Could you repeat, word for word, only the lines from the one containing "Professional Hair Straightener" through the final line of the records below?
──────── MATERIAL PROVIDED ────────
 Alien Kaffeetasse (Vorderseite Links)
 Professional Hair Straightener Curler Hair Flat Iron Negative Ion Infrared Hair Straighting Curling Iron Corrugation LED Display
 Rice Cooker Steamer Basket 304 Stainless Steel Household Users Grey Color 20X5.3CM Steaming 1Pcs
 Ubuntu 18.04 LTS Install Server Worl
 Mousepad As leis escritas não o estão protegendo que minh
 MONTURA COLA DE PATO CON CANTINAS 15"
────────
### WRITTEN SOLUTION
 Professional Hair Straightener Curler Hair Flat Iron Negative Ion Infrared Hair Straighting Curling Iron Corrugation LED Display
 Rice Cooker Steamer Basket 304 Stainless Steel Household Users Grey Color 20X5.3CM Steaming 1Pcs
 Ubuntu 18.04 LTS Install Server Worl
 Mousepad As leis escritas não o estão protegendo que minh
 MONTURA COLA DE PATO CON CANTINAS 15"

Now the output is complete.